# Birds and Thunderstorms



## mouseb (Aug 2, 2012)

Squirt seems to be chilling on top of his cage while the thunderstorm is going on grinding his beak and not really caring, how do your birds usually react?


----------



## xoxsarahxox (Dec 13, 2010)

Mine are never bothered by storms either we had one last night and I didnt hear a peep from mine all night ( I have a night light which helps prevent night frights though).


----------



## mouseb (Aug 2, 2012)

I was expecting him to freak out usually freaked out by small stuff.


----------



## Loopy Lou (Jul 26, 2012)

My budgies never seemed to be bothered by thunderstorms, but we haven't had one since i got Smokey the cockatiel. I could imagine him getting quite angry in a thunderstorm!


----------



## Philiko (May 16, 2012)

I ddon't know about thunderstorms, but Philiko is freaked out by the cainsaw O.O


----------



## mouseb (Aug 2, 2012)

I was thinking he was all cool because the thunderstorm didn't bother him and I heard my mom vacuuming. so I'am like Squirt will be cool and this punk starts climbing all around the cage


----------



## Ghosth (Jun 25, 2012)

Thunderstorms are pretty much all noise, doesn't really effect much. But a vacuum cleaner, that makes stuff disappear! Why a bird could get sucked right up that thing!
Fear, Fire, Foe, Flood, sound the alarm! Run for your LIVES!

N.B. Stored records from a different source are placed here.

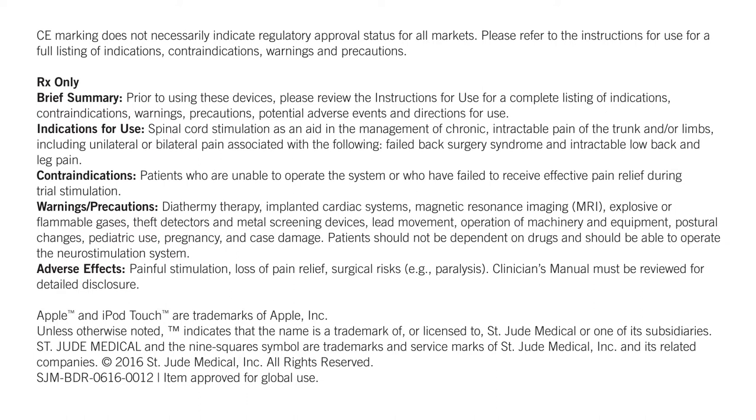explosive or flammable gases, theft detectors and metal screening devices, lead movement, operation of machinery and equipment, postural changes, pediatric use, pregnancy, and case damage. Patients should not be dependent on drugs and should be able to operate the neurostimulation system.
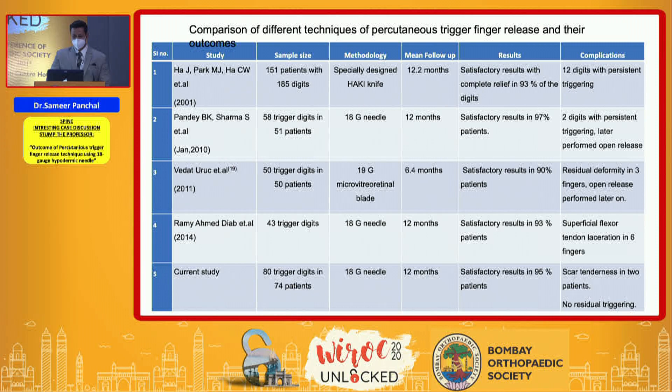In comparison with different techniques, various papers on percutaneous release have all shown satisfactory results in more than 90% of patients with minimal complications. The modality of the instrument used has been different across the various techniques.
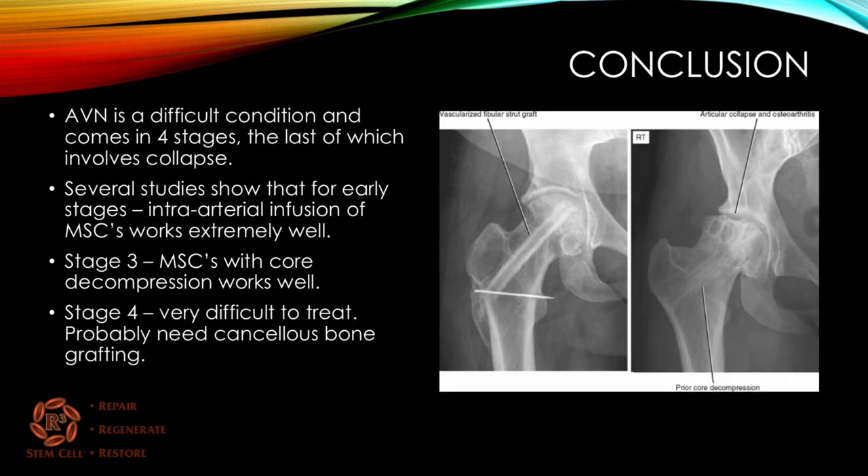In conclusion, avascular necrosis is a difficult condition presenting in four stages, the last involving significant collapse. Causes include hip dislocation, continuous steroid use, alcohol use, and other factors. For early stages before collapse, intra-arterial infusion of mesenchymal stem cells works extremely well, along with implantation options. For stage three, mesenchymal stem cells with core decompression and possibly cancellous bone grafting can work well. For stage four, it's very difficult to treat — it may require bone grafting with stem cells, and the patient may ultimately need a total hip replacement.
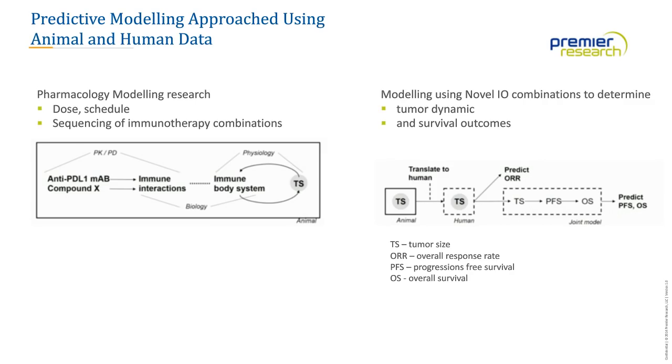With early phase studies, we want to look at the in vivo and in vitro modeling done in terms of looking at tumor size. We start with an animal model and model the dose schedules with sequencing or combinations of immune therapies. As studies progress through dose escalation, we look at predicting outcomes in terms of primary endpoints — progression-free survival, overall survival, or overall response rates. It's important to understand the tumor dynamics and survival outcomes, and where we think success is going to lie.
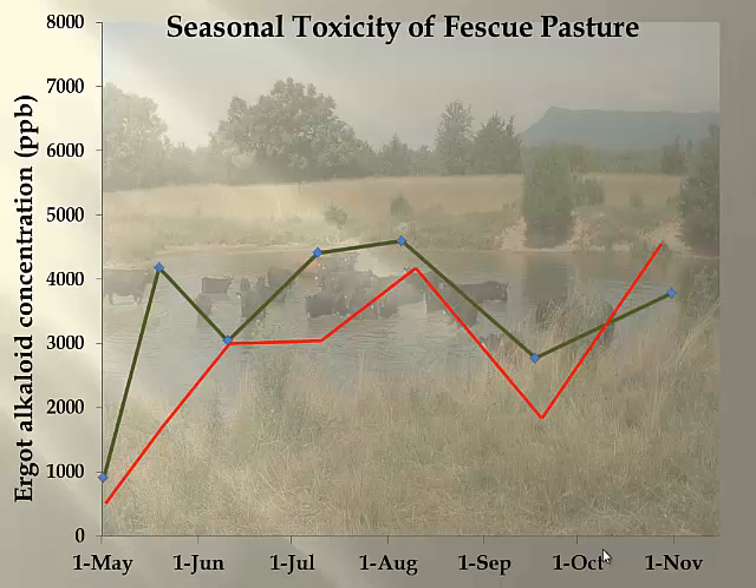We did not have any moisture all summer. That brings up a whole other point. Drought, plants not doing well — those toxin levels are going to be kind of maintained at a lower level. So what we saw here is a rapid increase in alkaloid content because that plant experienced a big jump in growth.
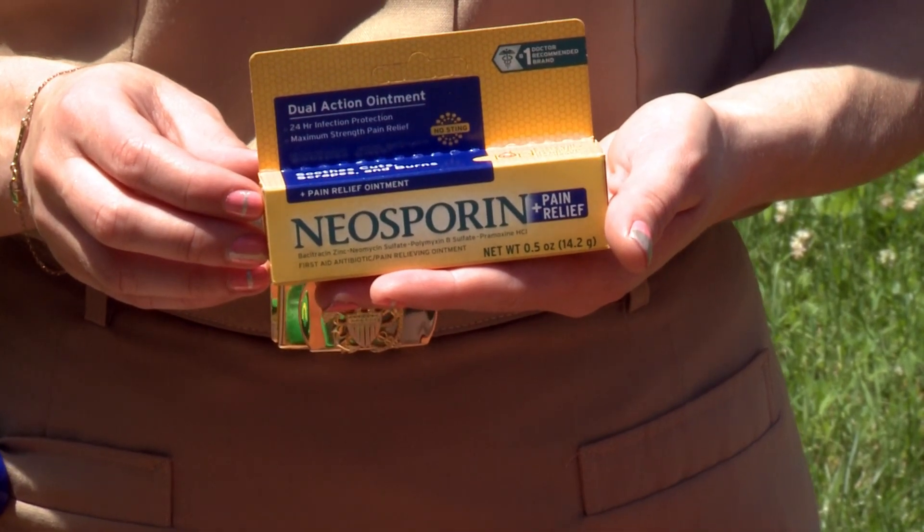Antibacterial ointment. In the event of a mosquito bite or scratch, it should be applied immediately. All of these items should be part of your eclipse kit. Have fun, be safe, and be gracious hosts to the world. Thank you.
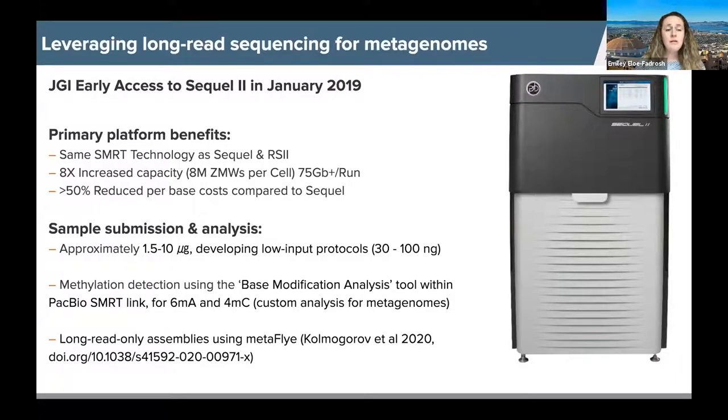The Sequel2 platform uses the same SMRT technology as previous platforms but with much higher capacity at lower costs, much higher data quality, and the ability to work with much lower amounts of DNA — which has been one of the key barriers for applying long-read sequencing to metagenomes. We're in the process of developing low-input protocols. We also have methylation detection using the base modification analysis tool within the PAC Bio SMRT Link. We can do base detection within metagenomes depending on coverage. For analysis, we do long-read-only assemblies using Metaflye.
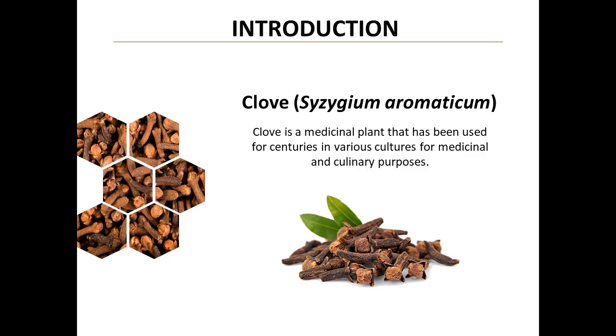Clove, a medicinal plant used for centuries in various cultures, is at the center of this innovative research. Scientifically known as Syzygium aromaticum, this common ingredient in our kitchens might be the key to combating dangerous bacteria.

Now I have a cat that gets seriously bent out of shape and will hide in a storm. Birds just take it all in stride, or seem to.


----------



## sunnysmom (Sep 23, 2011)

I thought my tiel was unaffected by storms, but I had him out yesterday evening when there was a really loud crack of thunder that sounded like it was right over our house. Even shook the windows a little. Sunny took off like a lightening bolt and it took a little while to calm him down. I'm not sure if his reaction would have been better or worse had it happened when he was in his cage.


----------



## Dizzy (Oct 5, 2011)

The first thunderstorm we had when I got my tiel he kept freaking out all night . Now he just enjoys the view


----------



## SyddyBird (May 17, 2012)

I am amazed that Sydney doesnt even flinch at the roaring storms we have been having. He even seems to like to sit by the windown.


----------



## Rizq (Jun 9, 2012)

None of mine freak out, but Pollo screams after each loud crack of thunder, just one scream. She does the same thing if we are watching a movie or something with big bangs or bombs going off or something. I am not sure if the booms annoy or amuse her.


----------



## JaimeS (Nov 28, 2011)

None of mine seem bothered at all which is great since we've been having a lot of storms lately.


----------



## mouseb (Aug 2, 2012)

I would expect birds to be kind of calm since in the wild they are out there anyway even if they were domestically bred.


----------



## Fweet (Apr 9, 2012)

Not a sausage here. It's been thundering & lightninging like mad here but while the dog hides under the sofa crying Otway takes not so much as a jot of notice. In fact, if it were possible I'd say Otway spitting cracker crumbs at the dog's trembling bum is him saying not to be such a wuss. He'll freak out at the phone ringing or a sparrow at the window but not at even house-shaking ear-rattling thunder.
As for vacuums, Elwood used to ride round on ours arguing with the hose.


----------



## mouseb (Aug 2, 2012)

Fweet said:


> Not a sausage here. It's been thundering & lightninging like mad here but while the dog hides under the sofa crying Otway takes not so much as a jot of notice. In fact, if it were possible I'd say Otway spitting cracker crumbs at the dog's trembling bum is him saying not to be such a wuss. He'll freak out at the phone ringing or a sparrow at the window but not at even house-shaking ear-rattling thunder.
> As for vacuums, Elwood used to ride round on ours arguing with the hose.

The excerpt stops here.